[[ MATERIAL FOR THIS EXERCISE, beginning ]]

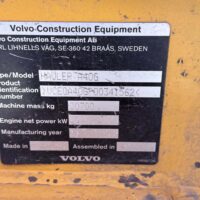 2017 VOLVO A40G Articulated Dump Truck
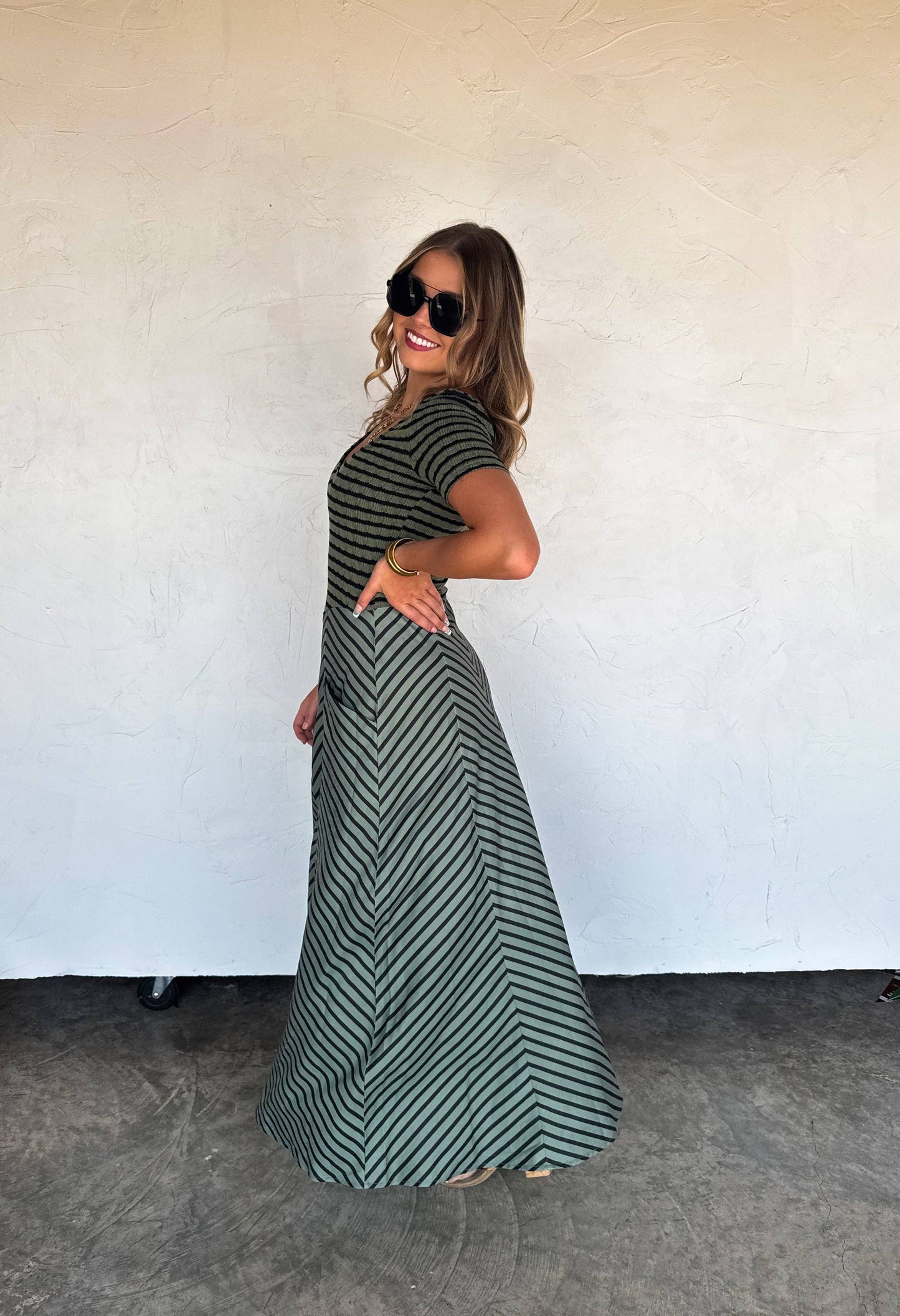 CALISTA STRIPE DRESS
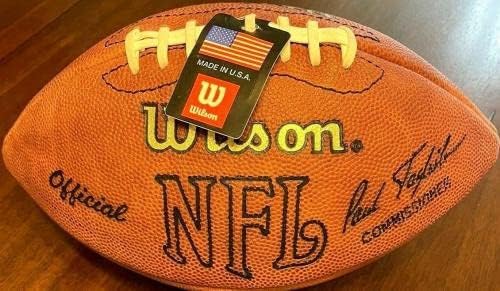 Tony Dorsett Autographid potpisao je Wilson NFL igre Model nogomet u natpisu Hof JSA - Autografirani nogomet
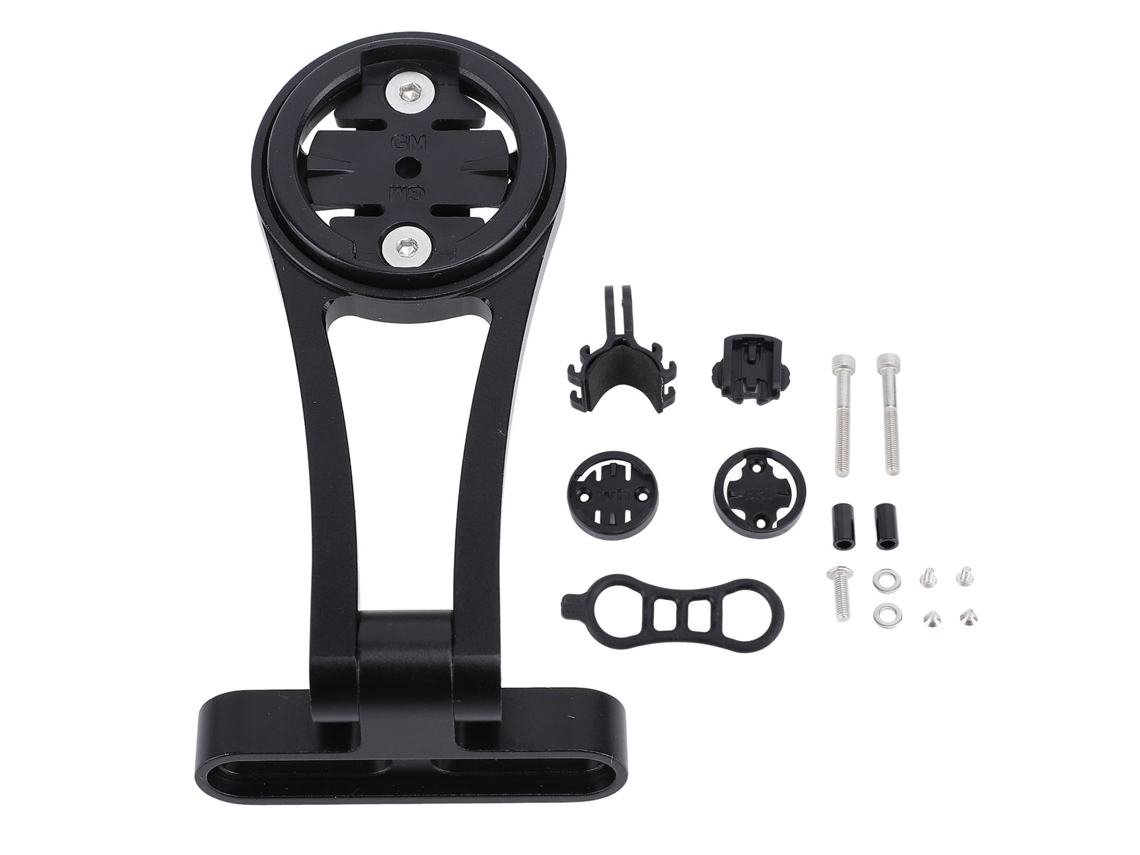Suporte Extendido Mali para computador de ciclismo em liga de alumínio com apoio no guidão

[[ MATERIAL FOR THIS EXERCISE, end ]]
[[ MATERIAL FOR THIS EXERCISE, beginning ]]

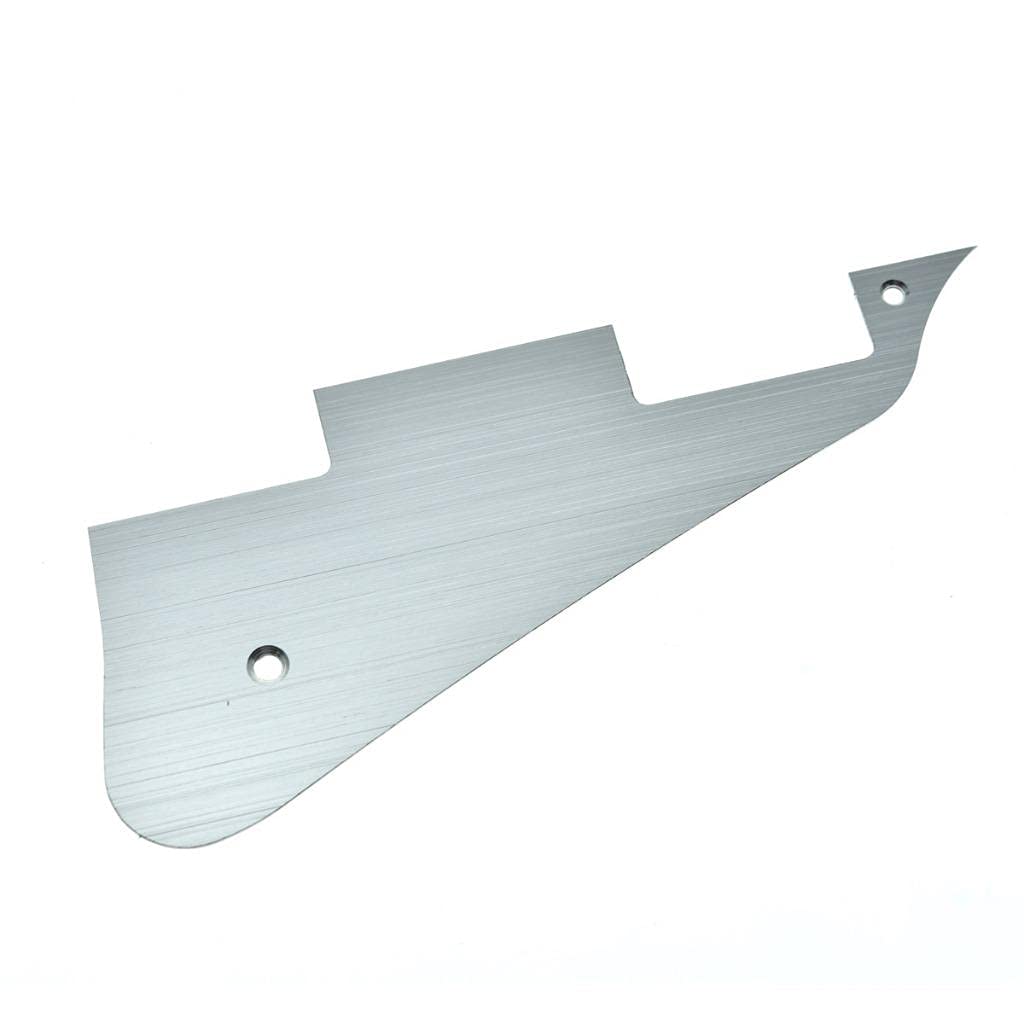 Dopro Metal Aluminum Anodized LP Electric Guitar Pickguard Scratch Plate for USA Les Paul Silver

[[ MATERIAL FOR THIS EXERCISE, end ]]

> [PROBLEM DESCRIPTION]:
Repeat exactly, and only, the entries from the line with "Tony Dorsett Autographid" through the line with "Suporte Extendido Mali". Pictures are skipped.

> [EXERCISE RESULT]:
 Tony Dorsett Autographid potpisao je Wilson NFL igre Model nogomet u natpisu Hof JSA - Autografirani nogomet
Suporte Extendido Mali para computador de ciclismo em liga de alumínio com apoio no guidão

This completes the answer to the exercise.